Gegen das Urteil können beide Parteien Berufung beim LAG Berlin-Brandenburg einlegen.

Da hätten wir mitbestimmen müssen – Urlaubsgeld gem. Gesamtzusage

BAG Az. 10 AZR 345/22

Die Kläger stritten mit der nicht tarifgebundenen Beklagten, über Ansprüche auf Urlaubsgeld. Seit einigen Jahrzehnten gewährte die Beklagte ein jährliches Urlaubsgeld. Zwischen 2008 bis 2013 zahlte die Beklagte das Urlaubsgeld unter Bezugnahme auf ein Schreiben, das den Titel „Infos aus der Personalabteilung“ und „Urlaubsgeld (Angabe des jeweiligen Jahres) – Zahlung in voller Höhe, entsprechend der Urlaubsgeldregelungen“ trug, aus. Das Schreiben regelte die Höhe des Urlaubsgelds nach Betriebszugehörigkeit, Stichtags- und Rückzahlungsklauseln. Auch in den Folgejahren 2014 bis 2019 zahlte die Beklagte unter Hinweis auf deren Freiwilligkeit und unter z.T. abweichenden Voraussetzungen weiter jährlich Urlaubsgeld. Im Jahr 2020 kündigte die Beklagte erstmals an, kein Urlaubsgeld auszuzahlen. Den Betriebsrat, der bei der Beklagten seit 2013 bestand, beteiligte die Beklagte nicht. Die Kläger machten den Anspruch auf Urlaubsgeld für das Jahr 2020 geltend. Das Arbeitsgericht Paderborn gab den Klägern recht. Auf die Berufungen der Beklagten wies das Landesarbeitsgericht Hamm die Klagen ab.
Das BAG hielt die Revisionen der Kläger für begründet und hob die Urteile des LAG auf:
Es entschied, dass den Klägern ein Anspruch auf Urlaubsgeld für das Jahr 2020 zustehe, der aus einer Gesamtzusage der Beklagten aus dem Jahr 2008 folge. Die Höhe des Urlaubsgelds setzte das BAG auf den maximal nach diesen Urlaubsgrundsätzen möglichen Betrag fest.

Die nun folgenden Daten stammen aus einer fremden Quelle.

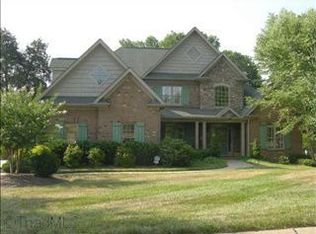 4910 Chestnut Hill Ln, Winston Salem, NC 27106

Das BAG entschied, die Beklagte habe die Gesamtzusage nachträglich nicht einseitig zum Nachteil der Arbeitnehmer abändern können. Die Änderung der Grundsätze zum Urlaubsgeld gehöre zu den Entlohnungsgrundsätzen i.S.v. § 87 Abs. 1 Nr. 10 BetrVG, sodass der Betriebsrat hätte beteiligt werden müssen. Demnach hat der Betriebsrat in Fragen der betrieblichen Lohngestaltung, insbesondere bei der Aufstellung und Änderung von Entlohnungsgrundsätzen und der Einführung und Anwendung neuer Entlohnungsmethoden sowie deren Änderung mitzubestimmen. Unbeachtlich sei, dass der Betriebsrat ursprünglich der Einführung des Urlaubsgelds als Grundsatz nicht zugestimmt habe. Im Zeitpunkt der Einführung habe er nicht zustimmen können. Eine nachträgliche Zustimmung sei nicht erforderlich. Auf die widerspruchslose Hinnahme der Änderung der Grundsätze zum Urlaubsgeld durch den gebildeten Betriebsrat könne sich die Beklagte nach dem BAG nicht berufen. Die bloße Hinnahme eines mitbestimmungswidrigen Verhaltens des Arbeitgebers durch den Betriebsrat reiche nicht aus, damit der Betriebsrat seine Mitbestimmung hinreichend ausgeübt habe. Eine sehr coole Entscheidung: Hätte der Kollege nur auf die individualrechtliche Gesamtzusage geschaut, wäre es sehr wahrscheinlich eng geworden. Aber das ursprüngliche Fehlen der Mitbestimmung bei diesem Geldgeschenk – egal wie ausgestaltet-, nahm dem Arbeitgeber die Möglichkeit, es ohne Mitbestimmung in Wegfall zu bringen.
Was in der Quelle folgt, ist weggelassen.